▶ _Aim of the exercise_:
The full listing, minus its pictures, should be printed again exactly as it stands.
--------
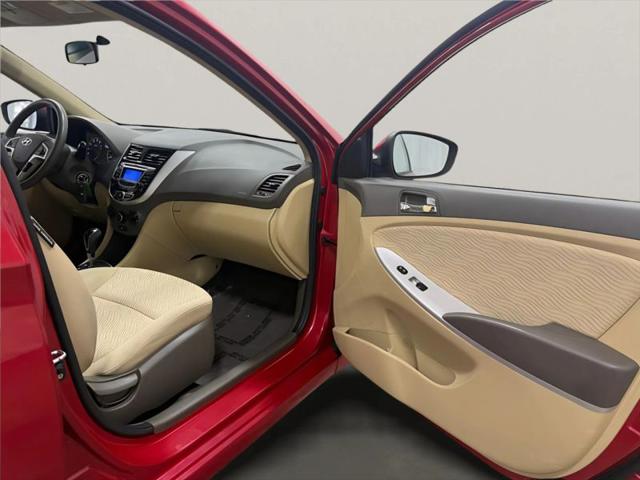 2012 Hyundai Accent GLS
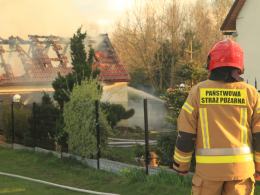 Pożar budynku gospodarczego w Niwkach. Interweniowały 4 zastępy straży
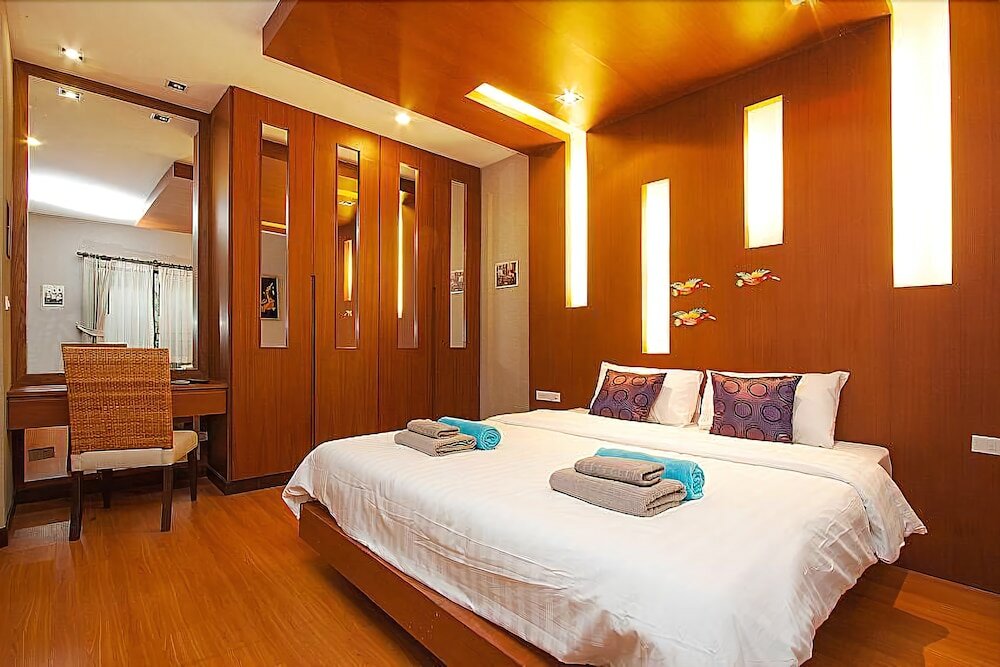 Паттайя: Villa Majestic 67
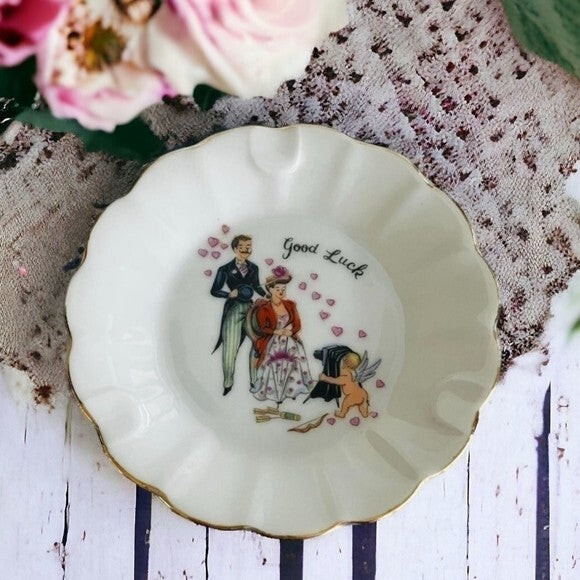 Vintage Japan Porcelain Trinket Dish Good Luck Courting Couple Cupid 4.5" VG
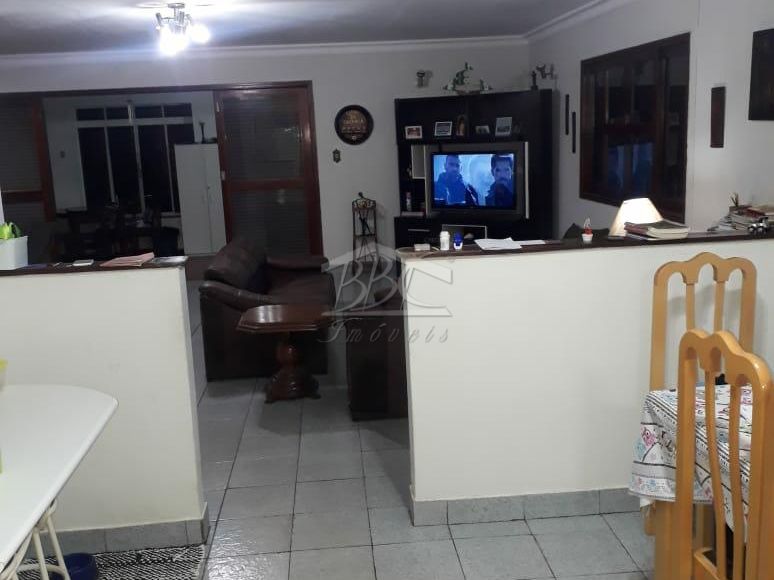 Chácara à venda com 3 quartos, 1800m² - Foto 9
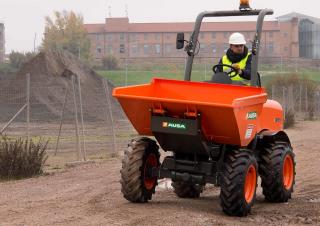 Bennes sur pneus Ausa D 151 AHA 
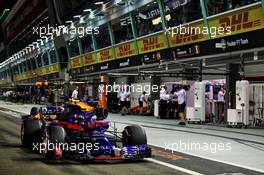 Pierre Gasly (FRA) Scuderia Toro Rosso STR13. 15.09.2018. Formula 1 World Championship, Rd 15, Singapore Grand Prix, Marina Bay Street Circuit, Singapore, Qualifying Day.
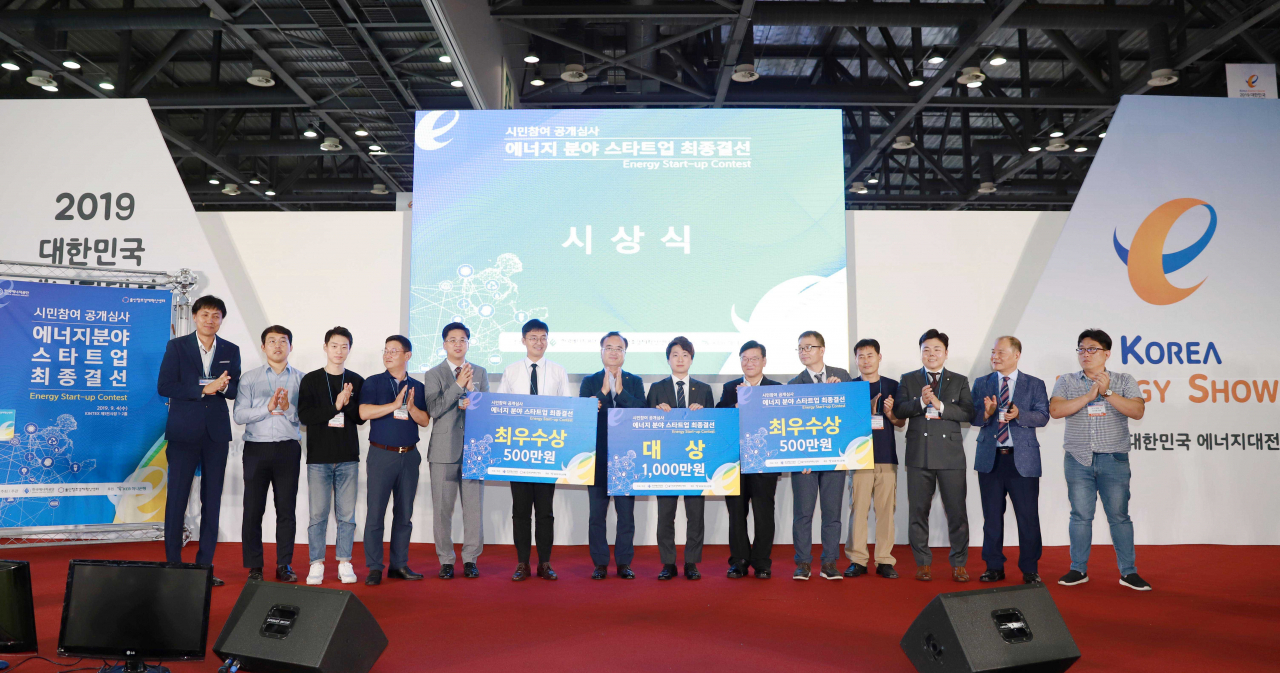 ‘2019 대한민국 에너지대전’의 에너지분야 스타트업 최종결선 시상식에서 이상홍 한국에너지공단 부이사장(왼쪽에서 일곱 번 째)와 권영해 울산창조경제혁신센터장(왼쪽에서 아홉 번 째)이 수상자들과 기념촬영을 하고 있다. [한국에너지공단 제공]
--------
▶ _Solution_:
 2012 Hyundai Accent GLS
 Pożar budynku gospodarczego w Niwkach. Interweniowały 4 zastępy straży
 Паттайя: Villa Majestic 67
 Vintage Japan Porcelain Trinket Dish Good Luck Courting Couple Cupid 4.5" VG
 Chácara à venda com 3 quartos, 1800m² - Foto 9
 Bennes sur pneus Ausa D 151 AHA 
 Pierre Gasly (FRA) Scuderia Toro Rosso STR13. 15.09.2018. Formula 1 World Championship, Rd 15, Singapore Grand Prix, Marina Bay Street Circuit, Singapore, Qualifying Day.
 ‘2019 대한민국 에너지대전’의 에너지분야 스타트업 최종결선 시상식에서 이상홍 한국에너지공단 부이사장(왼쪽에서 일곱 번 째)와 권영해 울산창조경제혁신센터장(왼쪽에서 아홉 번 째)이 수상자들과 기념촬영을 하고 있다. [한국에너지공단 제공]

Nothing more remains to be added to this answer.